- What you will do
Print the records exactly as written, and let no picture into the answer.

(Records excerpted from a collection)
########
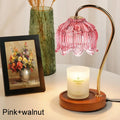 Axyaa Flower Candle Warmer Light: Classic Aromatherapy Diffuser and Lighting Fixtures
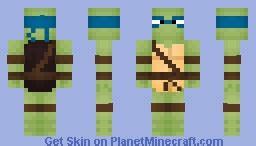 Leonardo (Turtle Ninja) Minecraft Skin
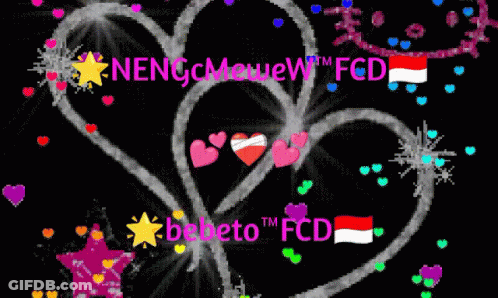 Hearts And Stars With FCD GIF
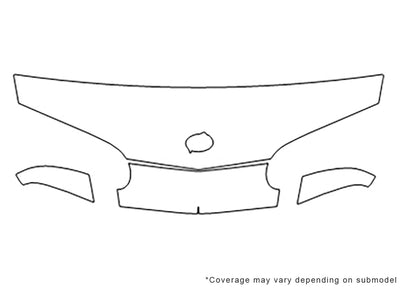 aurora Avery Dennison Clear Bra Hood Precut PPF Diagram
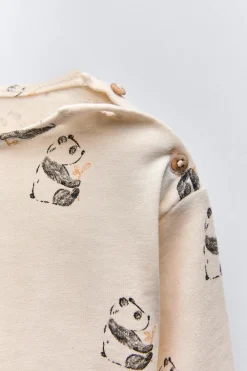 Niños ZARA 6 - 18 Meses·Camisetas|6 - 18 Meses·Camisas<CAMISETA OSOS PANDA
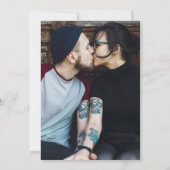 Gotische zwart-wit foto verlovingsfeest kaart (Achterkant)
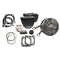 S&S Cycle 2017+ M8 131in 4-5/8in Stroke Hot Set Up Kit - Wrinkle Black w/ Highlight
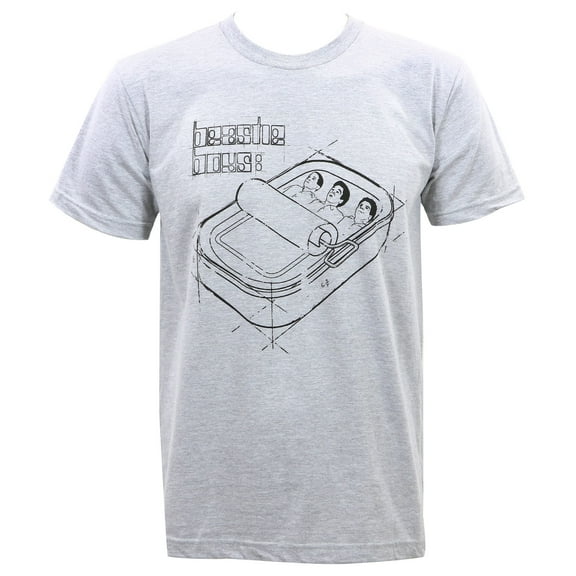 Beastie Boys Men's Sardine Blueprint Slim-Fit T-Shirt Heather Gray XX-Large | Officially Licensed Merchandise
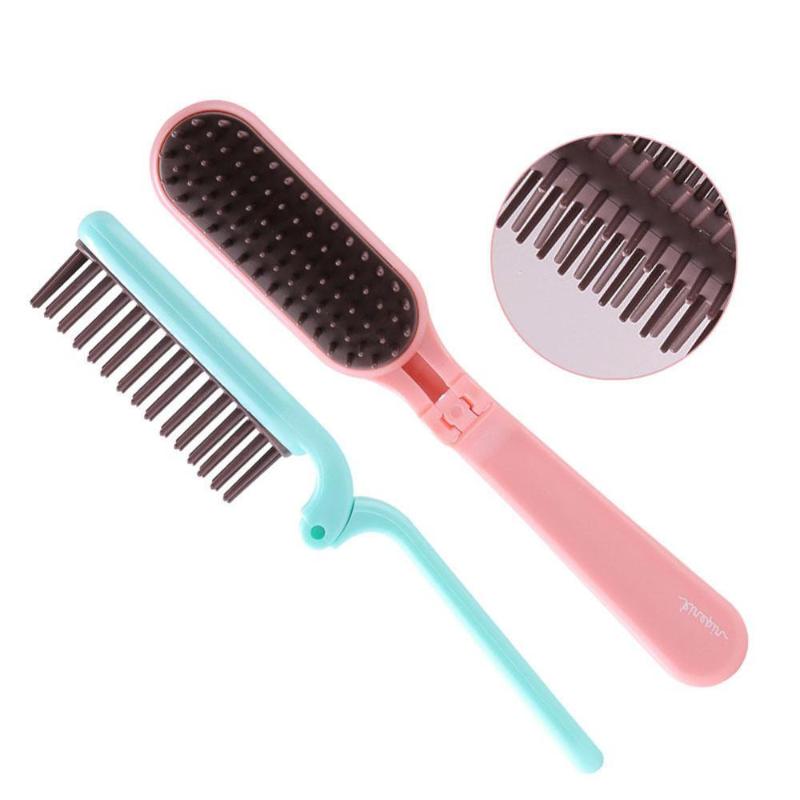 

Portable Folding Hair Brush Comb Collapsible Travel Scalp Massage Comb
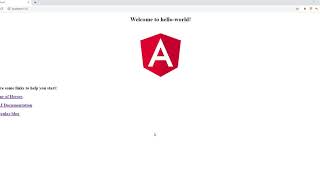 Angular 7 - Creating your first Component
########
- Answer to the exercise
 Axyaa Flower Candle Warmer Light: Classic Aromatherapy Diffuser and Lighting Fixtures
 Leonardo (Turtle Ninja) Minecraft Skin
 Hearts And Stars With FCD GIF
 aurora Avery Dennison Clear Bra Hood Precut PPF Diagram
 Niños ZARA 6 - 18 Meses·Camisetas|6 - 18 Meses·Camisas<CAMISETA OSOS PANDA
 Gotische zwart-wit foto verlovingsfeest kaart (Achterkant)
 S&S Cycle 2017+ M8 131in 4-5/8in Stroke Hot Set Up Kit - Wrinkle Black w/ Highlight
 Beastie Boys Men's Sardine Blueprint Slim-Fit T-Shirt Heather Gray XX-Large | Officially Licensed Merchandise

Portable Folding Hair Brush Comb Collapsible Travel Scalp Massage Comb
 Angular 7 - Creating your first Component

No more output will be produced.